# sloppy ford..



## CrazyCatfish (Feb 2, 2016)

any one ever camped out there. i was looking for something close to home.. i came across an article recently about the gm mine out there near the campsite that is a pretty net expedition.. wanting to take our little camper over.. we just finished part of the renovation so just wanted the first time to be close by in case anything goes crazy.


----------



## Milkman (Feb 2, 2016)

Never been to Sloppy Floyd so I cant help.

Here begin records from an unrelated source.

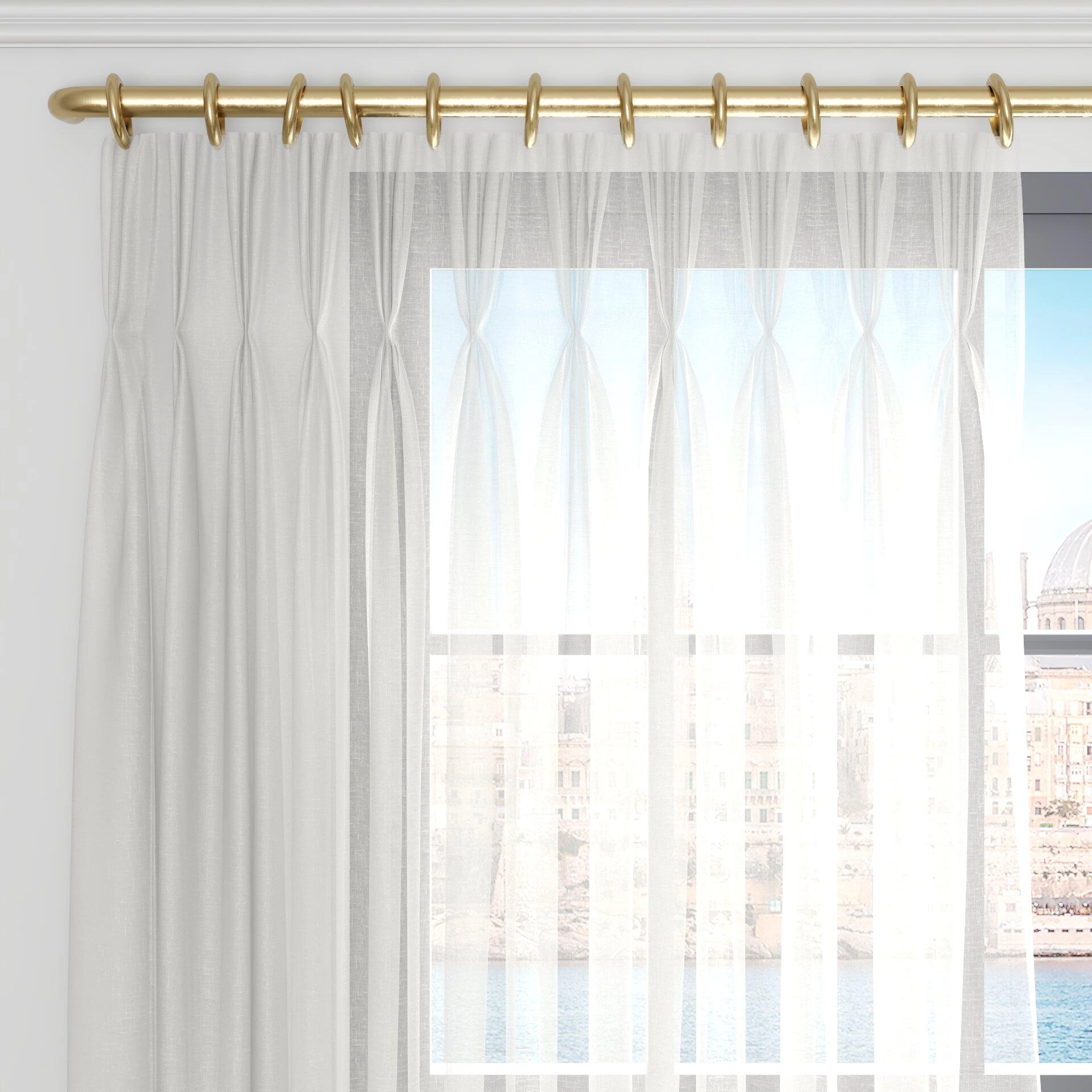 Savvy--Savvy--10-Flax--Curtain_RodPencilPleat_Top.jpg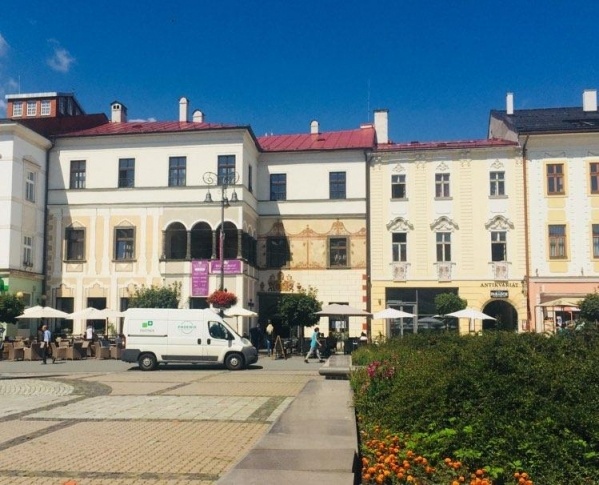 KRAKKÓ - WIELICZKA - ZAKOPANE - Dél-lengyel barangolások - világörökségek ***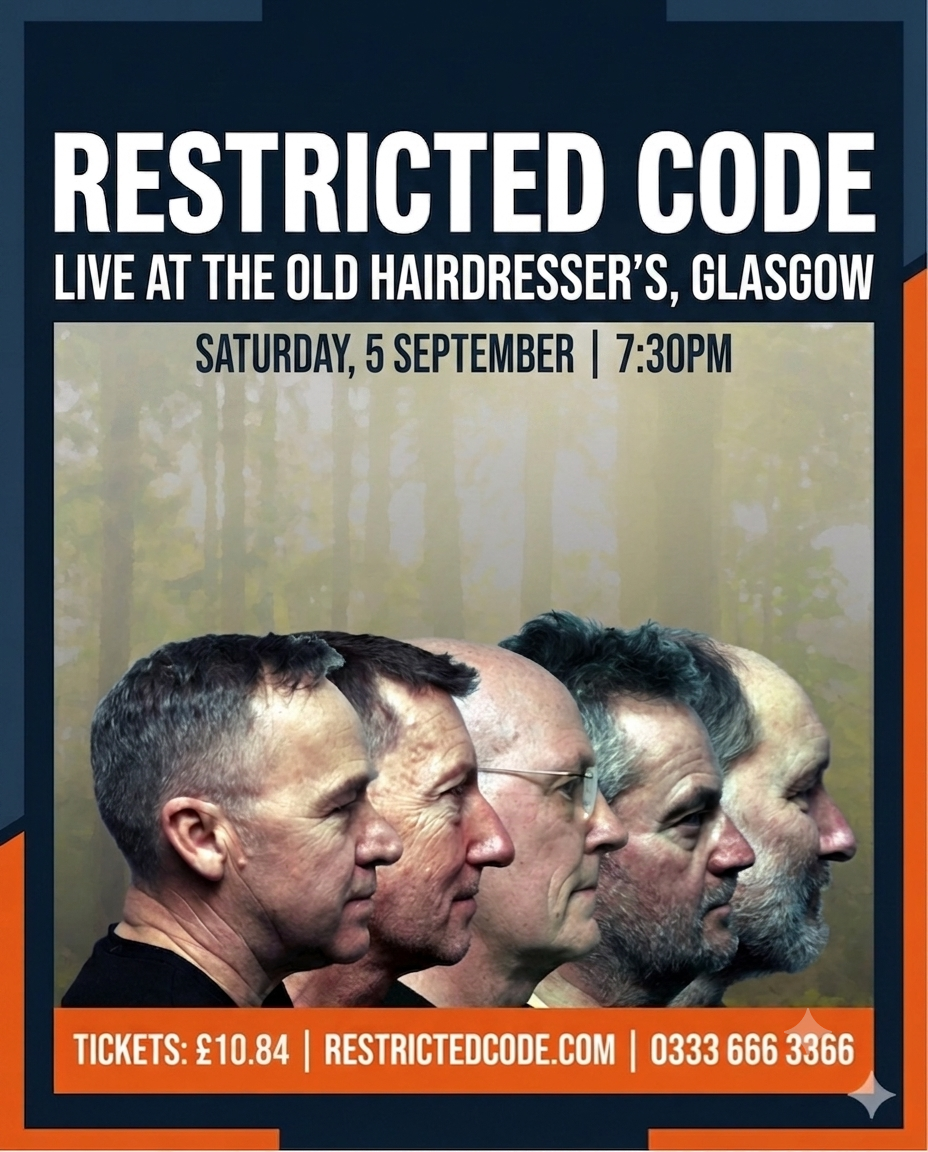 poster from Alan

Neat looking little trailer there 

What is the green hose hanging from the right front ?


----------



## CrazyCatfish (Feb 2, 2016)

actually it is  the drain from the sink. that is fixed now. i had to add a hose port to hook to now i can screw in a garden hose and run it to the back or to a bucket. its slow go but getting there.. i got a few more before and after pics.


----------



## CrazyCatfish (Feb 2, 2016)

just a couple more


----------



## poolecw (Feb 2, 2016)

Sloppy Floyd is very nice.  We live the next town over from there and have visited friends and family that have stayed there.


----------



## 3ringer (Feb 3, 2016)

Good job. I like seeing those old campers renovated instead of going to the scrap yard.


----------



## Greene728 (Feb 6, 2016)

Sloppy Floyd is a great park with some very good trails and two beautiful lakes that I'm sure you'd really enjoy! However, not much further north is Cloudland Canyon SP that is exceptional! Not to take anything away from Sloppy Floyd, but in my opinion Cloudland is top three in the State! But dont just show up at either one. Chances are you'll need reservations. Especially at Cloudland.


----------



## riprap (Feb 10, 2016)

We went to sloppy Floyd a couple of years ago. It was the only place we could find with a spot to reserve on a holiday. I think it was July 4th. I would have liked it better if the campsites were closer to the lake. Not much for the kids to do but fish and they were too small to do that at the time.. They had a small playground.


----------



## T-N-T (Feb 10, 2016)

No help on the sloppy ford....

But awesome camper!
Love it when one gets saved.  So cool


----------